Records excerpted from a collection
------------

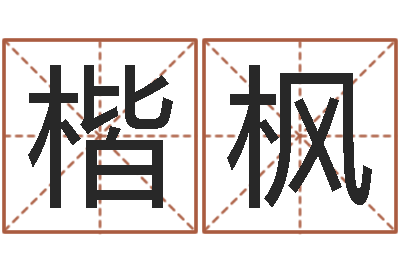 刘楷枫电脑起名笔划-男金猪宝宝取名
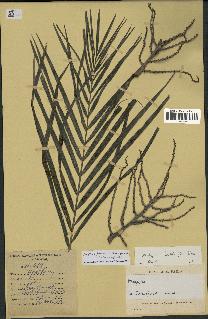 spécimen de Dypsis baronii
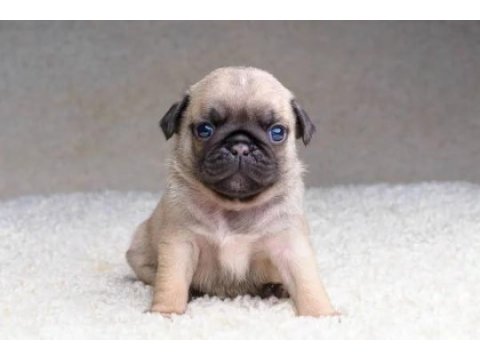 Irk ve sağlık garantili pug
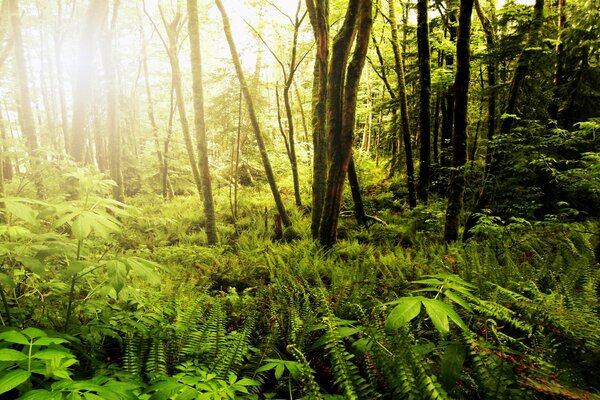 Waldlandschaft in der Sonne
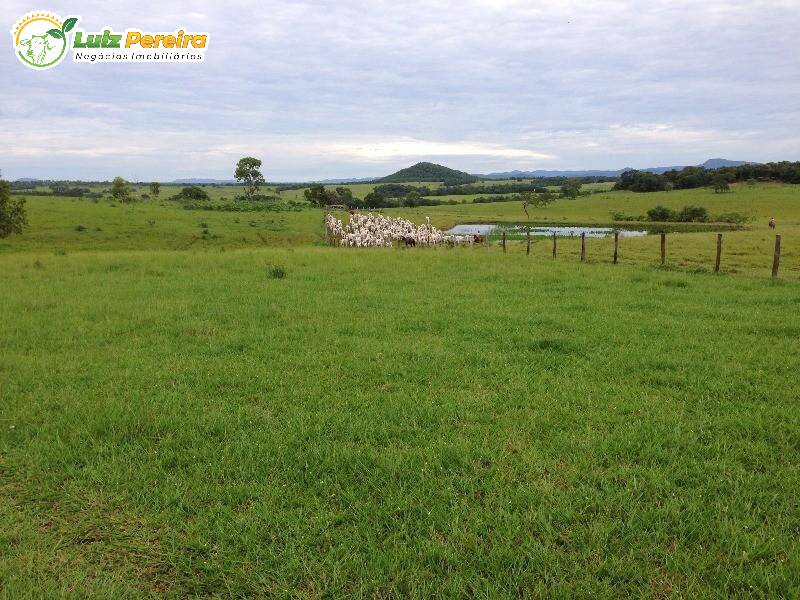 Fazenda à venda, 40000000m² - Foto 5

------------

> **To do**:
The records must appear again word for word, though none of their pictures should.

> **Answer below**:
 刘楷枫电脑起名笔划-男金猪宝宝取名
 spécimen de Dypsis baronii
 Irk ve sağlık garantili pug
 Waldlandschaft in der Sonne
 Fazenda à venda, 40000000m² - Foto 5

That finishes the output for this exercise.